**Records shown:**
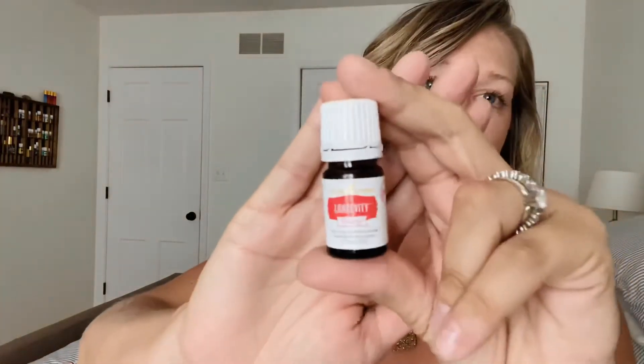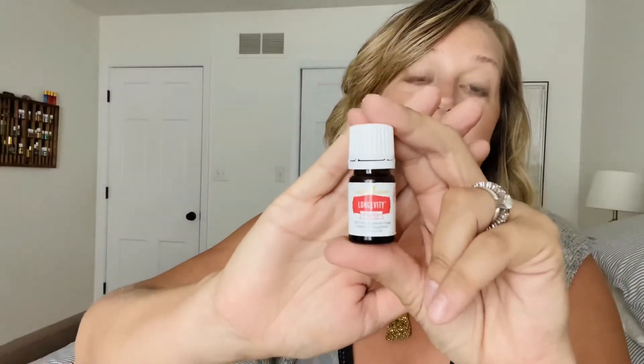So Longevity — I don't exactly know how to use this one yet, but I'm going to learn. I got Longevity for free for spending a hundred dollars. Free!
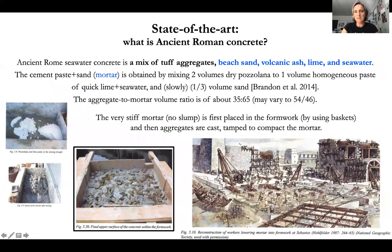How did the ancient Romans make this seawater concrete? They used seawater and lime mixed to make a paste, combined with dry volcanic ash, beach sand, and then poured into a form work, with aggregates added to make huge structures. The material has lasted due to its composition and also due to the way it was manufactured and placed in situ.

==

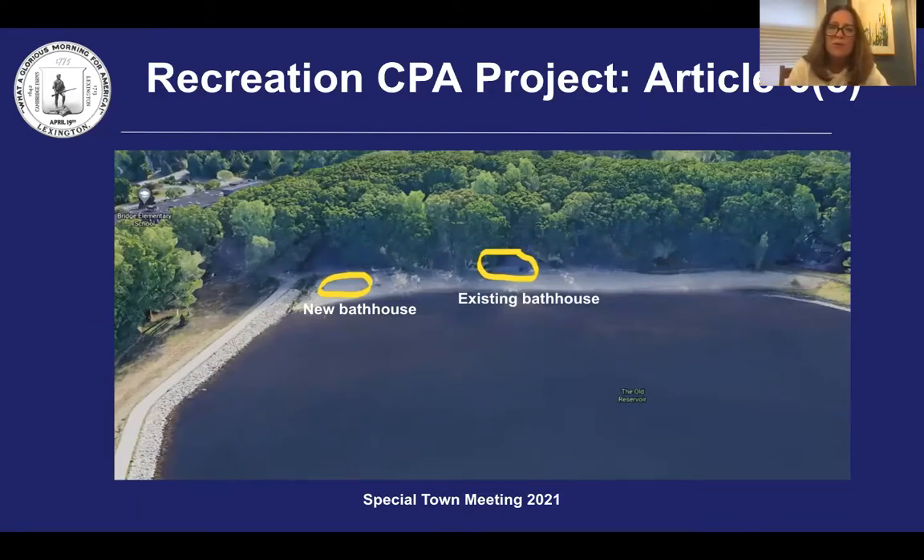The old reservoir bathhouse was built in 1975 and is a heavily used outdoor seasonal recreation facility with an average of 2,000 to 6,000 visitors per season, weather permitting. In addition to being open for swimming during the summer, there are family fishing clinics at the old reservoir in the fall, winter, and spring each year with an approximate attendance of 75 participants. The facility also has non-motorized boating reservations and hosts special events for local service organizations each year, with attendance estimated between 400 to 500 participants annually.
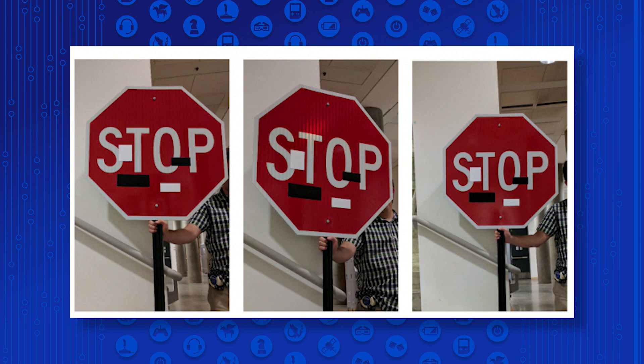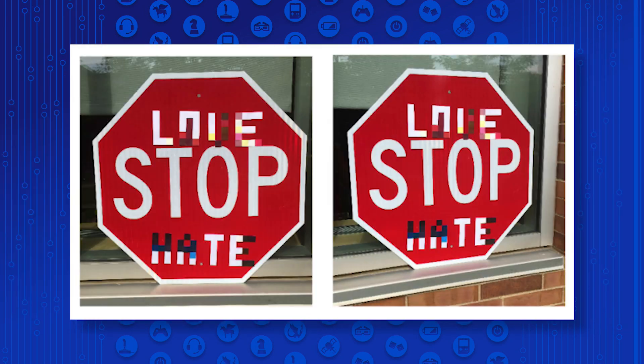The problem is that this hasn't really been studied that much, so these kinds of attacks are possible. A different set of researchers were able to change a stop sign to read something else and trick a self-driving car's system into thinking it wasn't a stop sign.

**Directions:** Restate word for word every line from the one with "So Longevity —" up to and including the one with "How did the" in the records above, minus the pictures.

**Task result:**
So Longevity — I don't exactly know how to use this one yet, but I'm going to learn. I got Longevity for free for spending a hundred dollars. Free!
How did the ancient Romans make this seawater concrete? They used seawater and lime mixed to make a paste, combined with dry volcanic ash, beach sand, and then poured into a form work, with aggregates added to make huge structures. The material has lasted due to its composition and also due to the way it was manufactured and placed in situ.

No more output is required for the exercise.